The Oregon Department of Education has fined Portland Public Schools for over-disciplining African American special education students at a higher rate than other students. This punishment requires the district to use $1.5 million, which is 15% of its federal funding from Individuals with Disabilities Education Act (IDEA) during the 2014-2015 school year and the 2015-2016 school year to resolve this issue.
Kelly House of The Oregonian reports that according to district spokesperson Christine Miles, the money is to be used to implement programs that will improve this pattern of disciplining special education students too severely and often.
Portland Public Schools has had a long-term issue with imbalanced discipline of minority young people. School districts nationwide have had this same issue take place, as The Oregonian previously reported.
Superintendent Carole Smith made oversight of the district's disciplinary practices one of her goals for the 2014-2015 school year. The state department sanctioned the district in 2011 for this same reason.
Smith has been given permission by the school board to use $4 million of a recently found $16.8 million windfall to pursue solutions to this problem, which is being called "exclusionary discipline" and two other goals for the year. Smith hasn't yet said how the money will be spent, but hinted that restorative justice programs could be a part of the solution.
The state department looked at 2012-2013 school year discipline figures and found that black PPS students in special education faced long-term suspension or expulsion five times more frequently than their peers. District-wide, 17% of black students were suspended or expelled in 2012-2013 compared to 4% of white students.
The Portland Parent Union has long argued against this practice. Sheila Warren, the groups head acknowledged that the district is taking steps to turn this around and are collaborating with her group to design in-school responses rather than banning kids from class.

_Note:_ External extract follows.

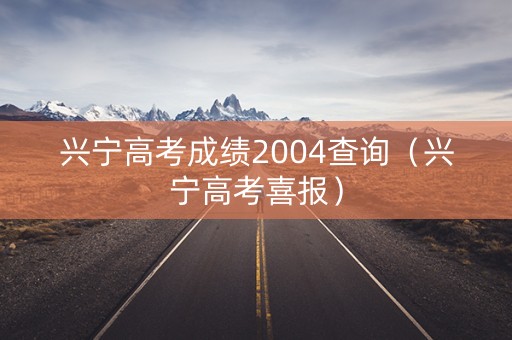 兴宁高考成绩2004查询（兴宁高考喜报）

"That's been a win for us, because we've been pushing the district on this for a few years" Warren said. Still, she called the sanction "just a Band-Aid" on a problem that can't be fixed with $1.5 million. Her group is planning a rally outside the district's North Portland offices next Tuesday in opposition of the district's discipline practices. We've still got a long way to go," she said.
Updates on the situation were published in an article for the Willamette Week by Beth Slovic. The first was that a letter from the department of education on Aug. 5, says the district will have to move $1.47 million from its $9.8 million IDEA fund to early intervention services that address the problem of exclusionary discipline. The second update was explaining that what the district called a financial sanction should not be considered a fine, and that Portland Public Schools will not lose any money since existing money from IDEA was going to be used.

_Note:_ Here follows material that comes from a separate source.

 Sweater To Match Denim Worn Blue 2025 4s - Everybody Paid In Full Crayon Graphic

"So we're going to be able to give behavioral support to all of our students, while we focus on being able to reduce the number of disciplines among our special education black students," said Miles.
KOIN-TV reported that Portland Public Schools Chief of Staff Amanda Whalen said the districts goal is to work with the school psychologist advisory group to create a plan to provide Coordinated Early Intervening Services (CEIS) in the schools they serve.